In yesterday’s afternoon reads, I mentioned a Boston Globe story “That guy who called the big one? Don’t listen to him.”

While it ostensibly looks at the track record of Nouriel Roubini, it isn’t really about him –its really about outliers and mean reversion in forecasting.

“How can someone with the insight to be so right about a major event be so wrong about so many other ones? According to a recent study, it’s simple: The people who successfully predict extreme events, and are duly garlanded with accolades, big book sales, and lucrative speaking engagements, don’t do so because their judgment is so sharp. They do it because it’s so bad . . .

[Oxford economist Jerker Denrell and Christina Fang of New York University] are the latest in a long line of researchers dismantling the notion that predictions are really worth anything. The most notable work in the field is “Expert Political Judgment” by Philip Tetlock of the University of Pennsylvania. Tetlock analyzed more than 80,000 political predictions ventured by supposed experts over two decades to see how well they fared as a group.

The answer: badly. The experts did about as well as chance. And the more in-demand the expert, the bolder, and thus the less accurate, the predictions. Research by a handful of others, Denrell included, suggests the same goes for economic forecasters. An accurate prediction — of an extreme event or even a series of nonextreme ones — can beget overconfidence, which can lead to making bolder and bolder bets, and thus, more and more errors . . .

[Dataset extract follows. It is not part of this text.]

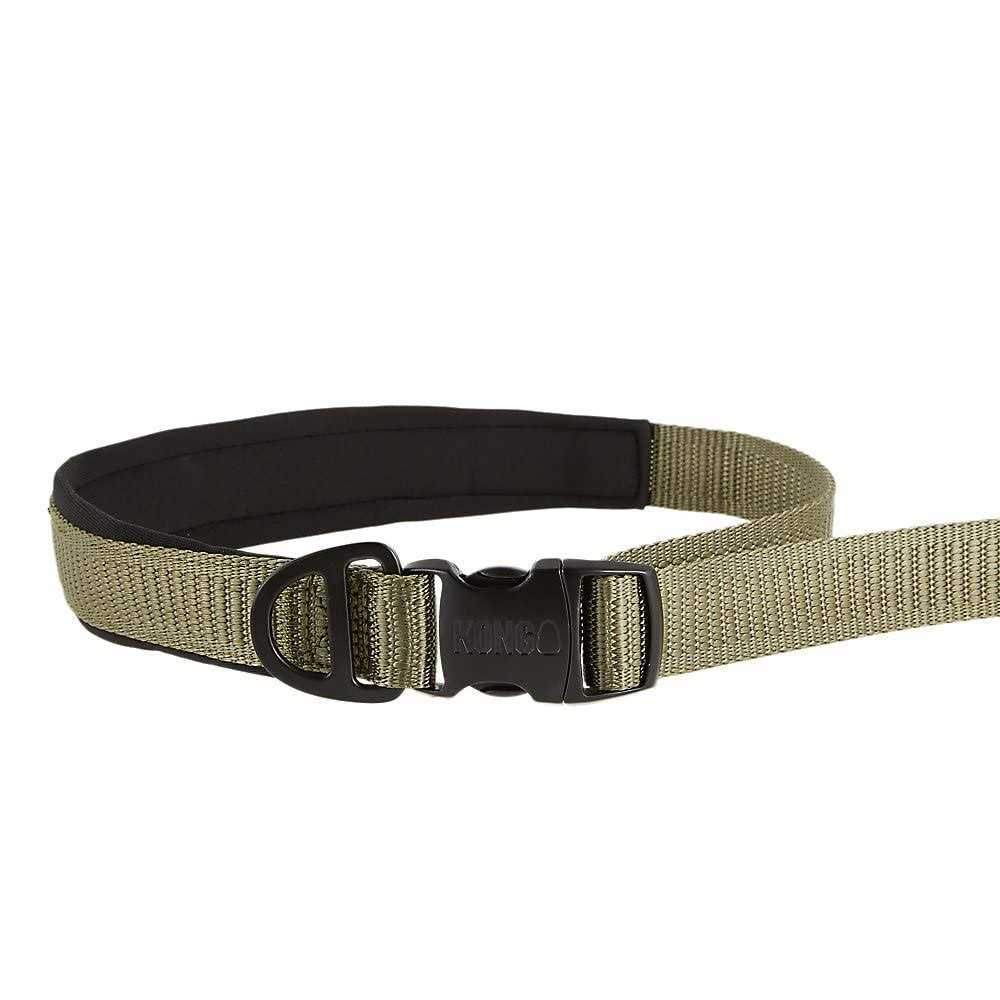 Hands-Free Dog Leash 6-ft Green O4097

There’s no great, complex explanation for why people who get one big thing right get most everything else wrong, argues Denrell. It’s simple: Those who correctly predict extreme events tend to have a greater tendency to make extreme predictions; and those who make extreme predictions tend to spend most of the time being wrong — on account of most of their predictions being, well, pretty extreme. There are few occurrences so out of the ordinary that someone, somewhere won’t have seen them coming, even if that person has seldom been right about anything else.”

Fascinating stuff, worth reading in full . . .


The Folly of Forecasting (June 2005)

The Illusory World of Economic Forecasting (September 19th, 2006)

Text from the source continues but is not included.